Salário de servidor tem ‘teto variável’

28 fev 2011

A Constituição diz que nenhum servidor público pode ganhar mais do que o subsídio de ministro do STF (R$ 26.723,13). Mas como esse dispositivo constitucional nunca foi regulamentado, cada um dos três Poderes segue um entendimento diferente sobre como calcular o valor do teto e, assim, o limite de remuneração, na prática, não existe. As regras adotadas atualmente mostram que é possível ganhar mais que o teto no Executivo, no Judiciário e no Legislativo. O entendimento do Executivo sobre o teto é, no entanto, mais rigoroso que o dos outros dois Poderes. Ministros e funcionários do Executivo podem ter seus rendimentos aumentados se participarem de conselhos de administração ou fiscal de empresas estatais. Mas essa é a única exceção de rendimento permanente no cálculo do teto salarial no caso do Poder Executivo.
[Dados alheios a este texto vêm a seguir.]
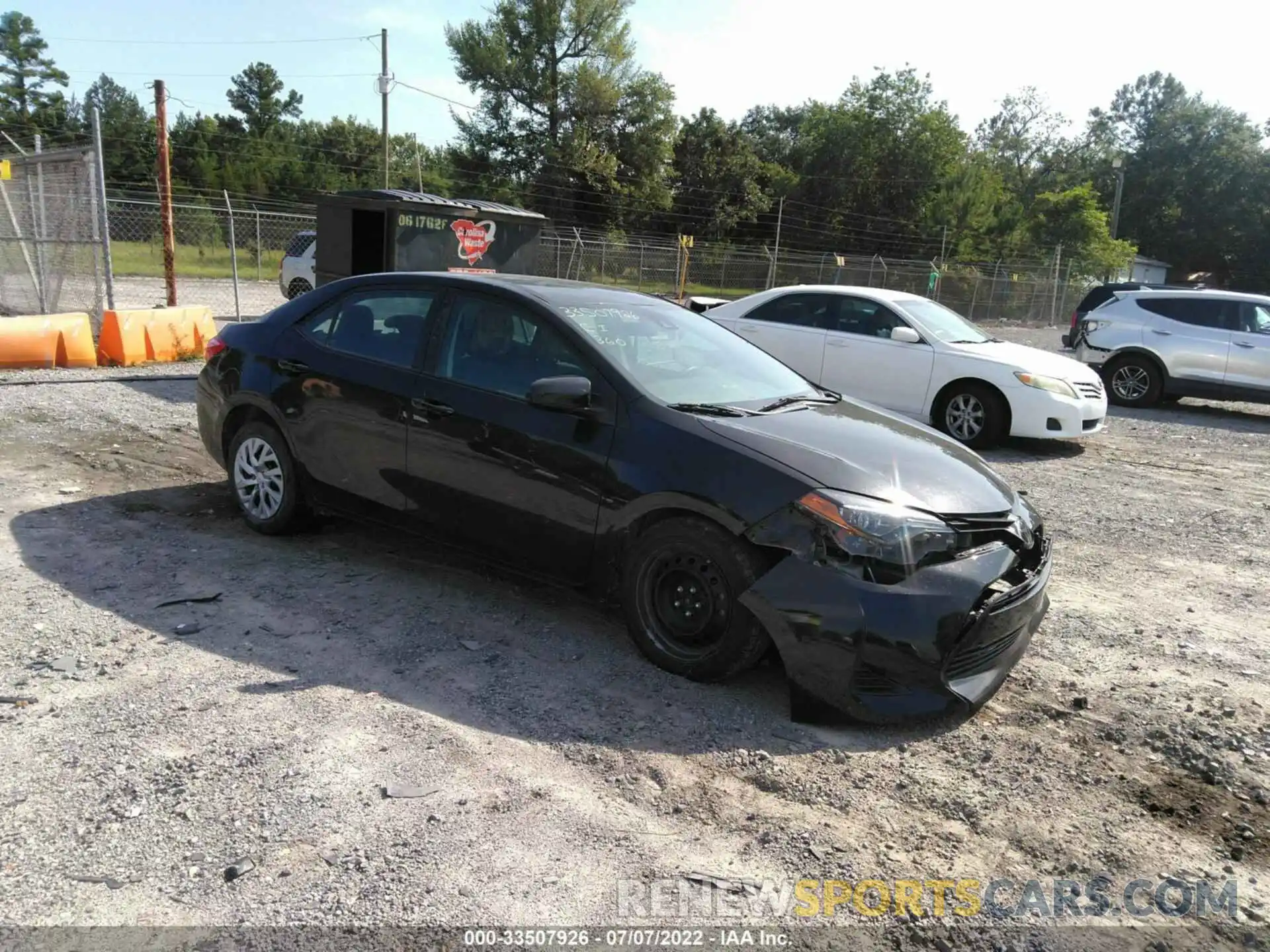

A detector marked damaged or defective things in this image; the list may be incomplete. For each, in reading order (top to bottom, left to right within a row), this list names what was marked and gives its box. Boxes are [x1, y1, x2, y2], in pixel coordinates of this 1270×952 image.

damaged front bumper [741, 508, 1046, 721]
Desde o dia 1º de fevereiro deste ano, a presidente da República, o vice-presidente e os ministros de Estado passaram a receber uma remuneração mensal idêntica ao valor do subsídio de ministro do STF. Este teto pode ser ultrapassado pelos ministros que participam de conselhos de administração ou fiscal de empresas públicas ou sociedades de economia mista. Essas participações são remuneradas e, no passado recente, eram utilizadas para complementar os salários de ministros e outros altos funcionários do Executivo, que eram bem inferiores ao teto de ministro do Supremo.[…]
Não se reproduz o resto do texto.